Ceph is a fairly easily-managed system as complex data management systems go. From fairly primitive roots it has managed to evolve into a fairly well-organized set of components with flexible monitoring and control options.

But there is no system so foolproof that fools cannot break it. So I did, and this is the sordid tale of the long painful route that I took to finally achieve a clean system.

It all began because Ceph doesn’t appreciate the fact that servers can have multiple hostnames, including short hostnames and host domain names.

When I first installed Ceph, I was using short hostnames. but additional hosts were added using host domain names. In the end, one host appeared twice in the host list, under both names. Some services were assigned to one hostname, some to the other, and the admin services whined about orphans. So, in short, it was a mess.

And it got messier.

As I tried moving services back and forth between the alternative hostnames, I ended up breaking critical stuff and ultimately got 2 fatal errors:

Module 'progress' has failed: Not found or unloadable
Module 'cephadm' has failed: Not found or unloadable

At this point, I had lost control of the one and only ceph mgr component, having first destroyed its alternates and couldn’t add new/repaired mgr units anywhere.

Worse without the “progress” and “cephadm” modules, I couldn’t run most orchestrator and admin functions. What a disaster!

It wasn’t really viable to nuke everything, reconstruct the entire system and restore from backups, so I looked at restoring the ceph-mgr functions. While ceph-mgr isn’t absolutely essential to keeping the data resources available, without it, monitoring and control was drastically reduced.

The logs really didn’t tell me anything except for this useless message:

ceph-278fcd86-0861-11ee-a7df-9c5c8e86cff8@mgr.host01.service: Start request repeated too quickly.
ceph-278fcd86-0861-11ee-a7df-9c5c8e86cff8@mgr.host01.service: Failed with result 'exit-code'.
Failed to start Ceph mgr.host01 for 278fcd86-0861-11ee-a7df-9c5c8e86cff7.

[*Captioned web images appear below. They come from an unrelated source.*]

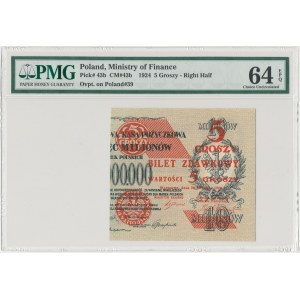 5 groszy 1924 - prawa połowa - PMG 64 EPQ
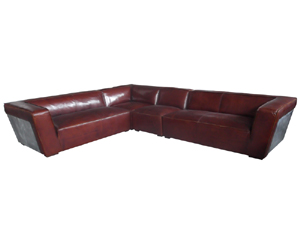 Vintage Leather Aviator Sectional Sofa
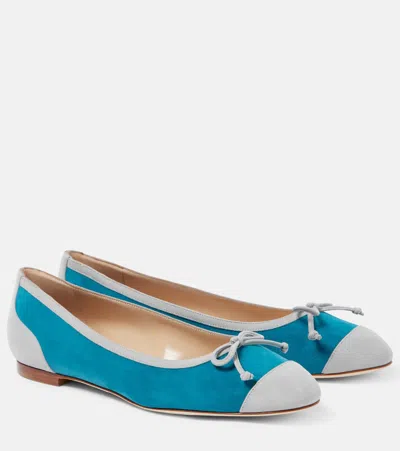 Manolo Blahnik Capbal Suede Ballet Flats In Blue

So what is the ceph mgr? How is it implemented? It’s obviously started from systemd. but where from there?

A lot of ceph these days runs in docker/podman containers. So I looked to see if there was a container, what its state was, and what its logs had to say. However, at least in Ceph Octupus, the mgr doesn’t run containerized. Instead it runs (at least as I installed it) as a native OS application: /usr/bin/ceph-mgr.

I tried launching this program manually, but all I did was end up with 4 instances of ceph-mgr and no way to kill them, because they kept changing their process-ids!

Modules

The operative word in all this was “module”. The Ceph docs helpfully explain that modules add functionality to ceph-mgr, and that you can actually write your own modules in Python. Certain modules are “built is/always on”, some are selectable, such as which orchestrator to use.

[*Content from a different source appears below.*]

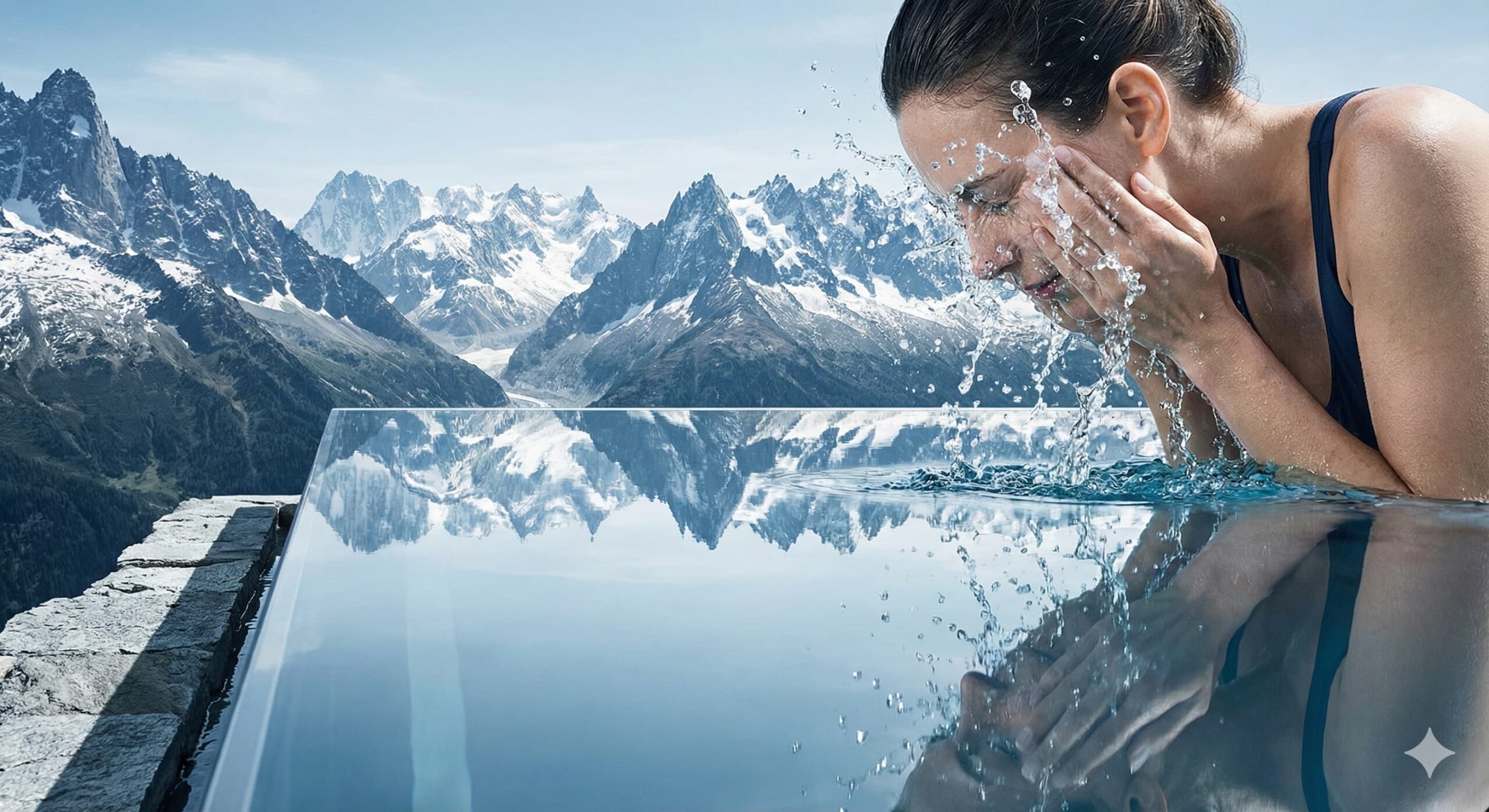 웅장한 설산 앞 인피니티 풀에서 찬물 세수를 통해 미주신경을 자극하는 상쾌한 순간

So obviously, the thing to do was find out why these modules were “not found”. Which means figuring out where to find them.

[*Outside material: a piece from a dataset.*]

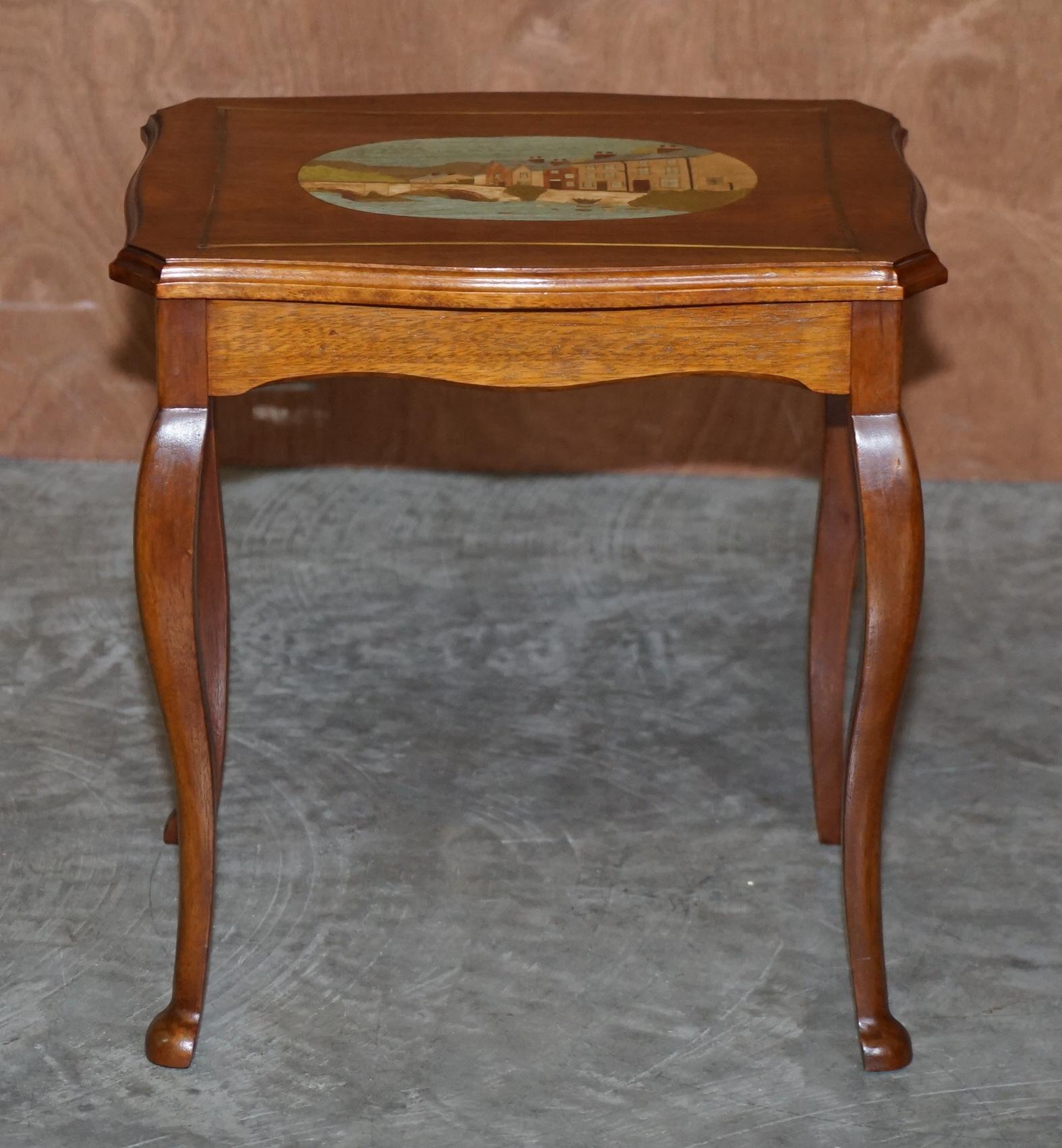 Vintage Nest of Tables with Hand Painted Marquetry Inlaid Tops Very Decorative For Sale 6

At first I expected them to be in the master container image that underpins most ceph services, but the ceph-mgr does not run containerized. Further inspection indicated /usr/share/ceph/mgr. but there was no progress package there. But there should have been, it transpires.

On AlmaLinux 8, Ceph Octopus and cephadm conspire to install many ceph components via RPM packages. A quick repository search indicated 3 mgr-related packages of especial interest:

ceph-mgr
ceph-mgr-modules-core
ceph-mgr-cephadm

The rpm “-qil” option tells what files are installed for each package. The progress package is in ceph-mgr-modules-core, which contains the pre-installed/always on modules. Since it was already installed and couldn’t be uninstalled without major mayhem, the alternative was to use a hammer and force it to install clean using a downloaded copy of the RPM:

rpm -ivh --force ceph-mgr-modules-core-xxxxx.rpm

“xxxx” is the usual version and architecture part of the name and will vary.

That replaced the missing progress module. But somehow the cephadm RPM had been completely uninstalled, so a full install fixed that.

The system didn’t immediately notice the repairs, so a reboot set everything to rights.

Aftermath

For a deliriously short while, I had a totally clean “ceph health” display. Alas, this didn’t last, as the original orphan service message crept back in. But now I had enough functioning ceph CLI to setup alternate managers (and remove the orphan manager systemd file). Hopefully, as time progresses, the errors will slowly slink away. Sometimes that’s how ceph works.